As mães são questionadas por ter deixado os filhos com os avós para viajarem com seus parceiros, para sair com as amigas, para cuidarem de si, entre tantas outras situações. Será que alguém questiona o pai?
Será que quando um pai fala que não lembra da última vez que ficou sozinho para refletir ou para ler um livro, ele leva em consideração o trabalho oculto da mãe do seu filho enquanto ele pousa com um pai exemplar nas redes sociais? Ou será que a mãe estava tão exausta, tão cansada e tão atarefada que mal se lembra que existem livros?
Quantas vezes em nosso entorno sabemos de situações como esta? Quantas vezes questionamos os pais sobre a responsabilidade do cuidado com seus filhos? Apesar de ser um tema muito comum, ainda assim é muito pouco elaborado, visto que tem 16 anos que eu tive meu filho e as coisas estão no mesmo lugar. Ainda não caminhamos nem dez centímetros nesta esteira dos cuidados, da responsabilidade e da divisão das tarefas com filhos.
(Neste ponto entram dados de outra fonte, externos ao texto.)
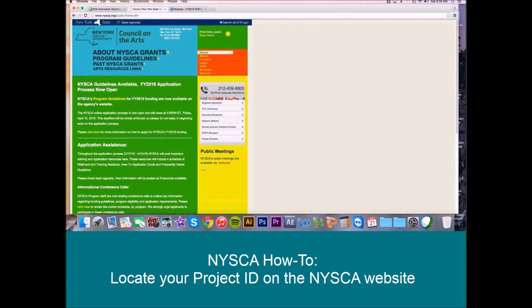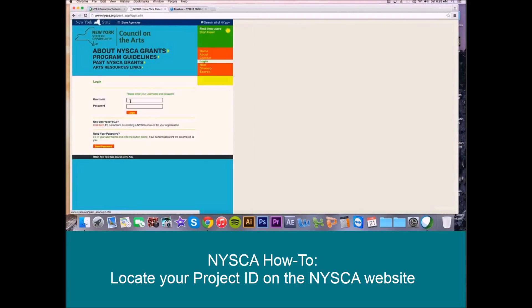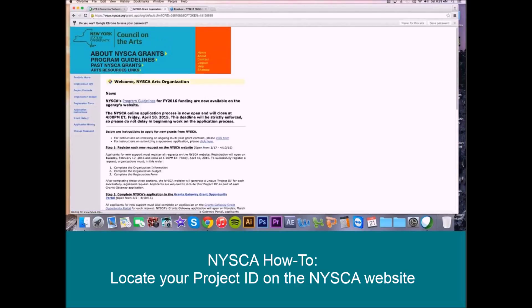First, we're going to go ahead and log into our organizational account. And here we are — this is the organization homepage.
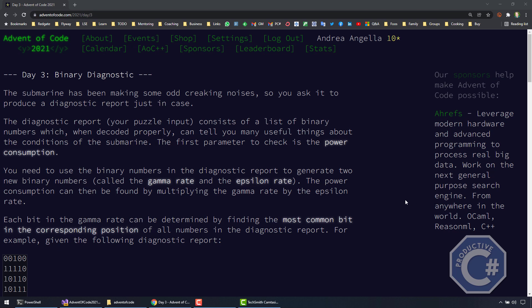Hi, I'm Andrea and welcome to Productive C Sharp. In this video, we're going to look at my solution of Day 3 of Advent of Code 2021. Day 3 is starting to become a little bit more complex, so let's have a look at what the problem is.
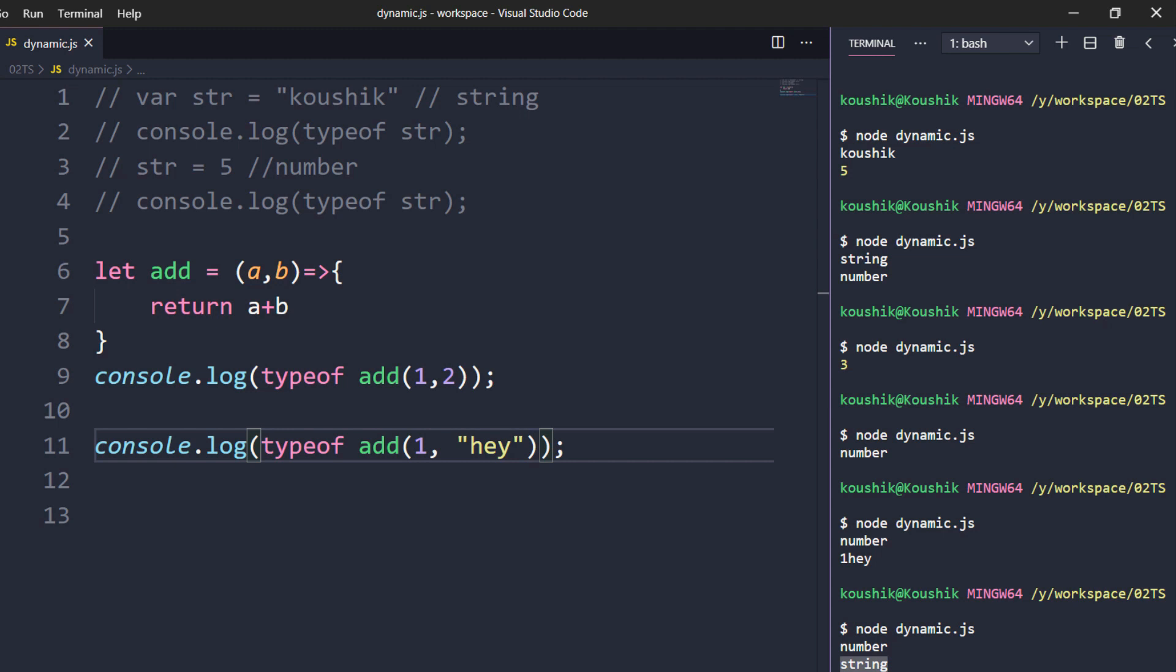So this is a major concern in JavaScript where you cannot say what is the data type should be. It is dynamic in nature. So whenever you are going to pass parameters you should always be cautious like what you have to actually pass. Of course we can write documentation and can maintain but it is not always possible right? So someone comes new to the project obviously they might do some mistakes like that. So that is the reason TypeScript is most preferred.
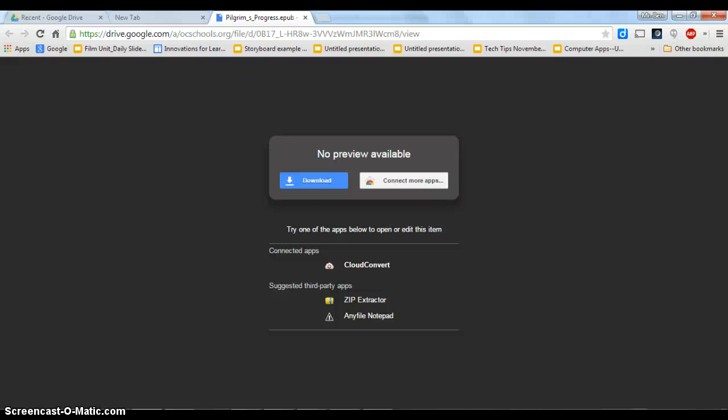Okay, in this brief tutorial I want to show you how to read an EPUB book on your Chromebook.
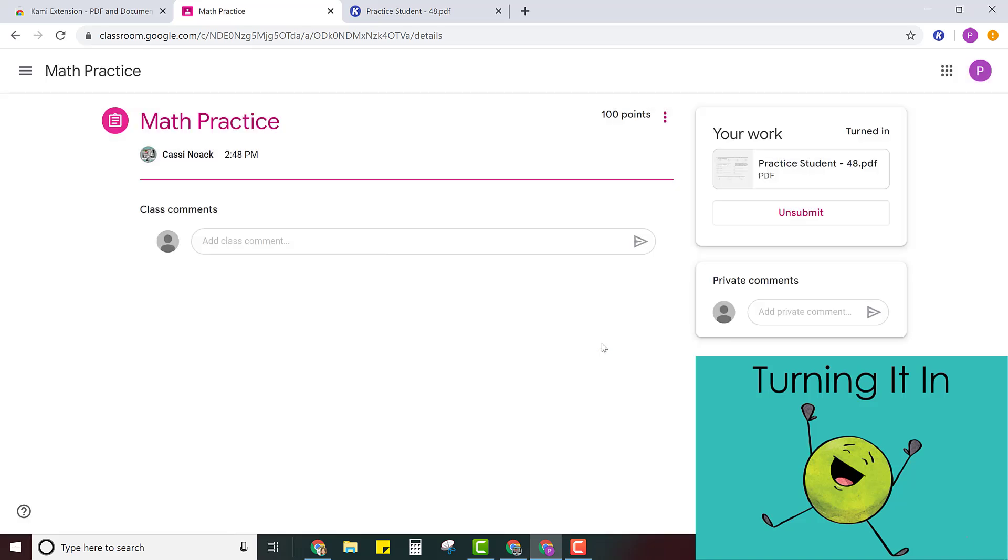Now your teacher will get your assignment and when your teacher opens it she'll see all of the things that you wrote or did on your work. If you have any questions be sure and ask your teacher.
Cada dia percebemos como as mães estão sobrecarregadas mental e fisicamente, pois para além de sua jornada de trabalho, há o trabalho invisível não remunerado com os afazeres da casa e com os filhos. Muitas mulheres recorrem a rede de apoio, formada principalmente por mulheres e funcionárias, o que nos traz um outro debate. Quem cuida dos filhos da mulher que cuida dos nossos filhos? A impressão que eu tenho é que quando nos questionamos sobre os cuidados parentais entramos numa seara muito mais profunda: o lugar da mulher na sociedade patriarcal.
Sabemos que os meninos são criados completamente diferente das meninas e o quanto este modelo parental reverbera no modo de se estar no mundo, pois as meninas são incentivadas a cuidar do outro e de suas coisas, a ajudar nos afazeres da casa e a serem dóceis, enquanto muitos os meninos são criados sem grandes preocupações com os cuidados com a casa e com os outros. Quando casam, homens e mulheres são convocados a reproduzir socialmente o que foi vivenciado em casa, o que propicia que os homens consigam entrar e sair do ciclo familiar e colocar suas responsabilidades em segundo plano.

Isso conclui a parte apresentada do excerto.